So here we are, at the “Have you tried turning it off and turning it back on again?” part of the Schwarber reconstruction.
Sending Schwarber to Iowa is the equivalent of rebooting him. He’ll have a chance to get back into a groove against inferior pitching, in a league where winning doesn’t matter, and in the relative quiet of a state where only Moonlight Graham and Yasiel Puig have ever had a good time. If Schwarber’s timing or mechanics or even his confidence is off, playing every day in Iowa will give him a chance to fix the problem without hurting the Cubs, who are 1.5 games back of Milwaukee in the NL Central.
Still, it’s shocking. Schwarber was very good as a rookie in 2015: a 130 OPS+ in 273 plate appearances at age 22. Since 2001, there have been 27 seasons in which a player aged 22 or younger posted a 130 OPS+ or better in at least 200 PA. Mike Trout shows up on that list three times, and Bryce Harper, Albert Pujols, The Mighty Giancarlo Stanton, and Carlos Correa all show up twice. Assuming that the book’s still out on Schwarber and Maikel Franco, the worst player on the list is probably Austin Kearns, who still had a 12-year big league career.

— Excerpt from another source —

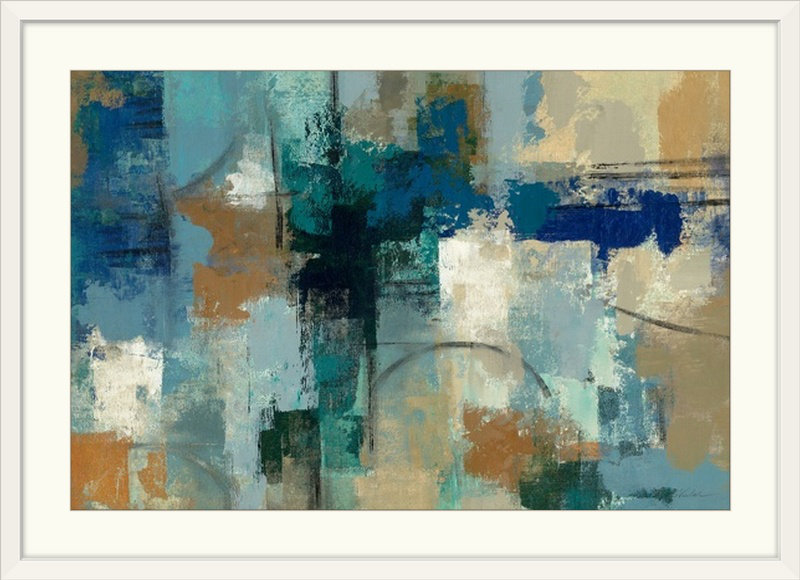 «Jasper Lagoon» par Fronton, reproduction d'art, H 20 po x l 26 po x P 1 po, Cadre blanc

Then, Schwarber became the Millennial Kirk Gibson by hitting .412 on one leg in the World Series after he’d missed the previous six months with a torn ACL, the result of a gruesome outfield collision with Dexter Fowler.
It’s a little weird to say this about a player whose young career has already produced so much intrigue, but both the causes and long-term effects of Schwarber’s slump might not be as dramatic as many have feared.
Here is a selection of Schwarber’s 2015 and 2017 stats, all from FanGraphs.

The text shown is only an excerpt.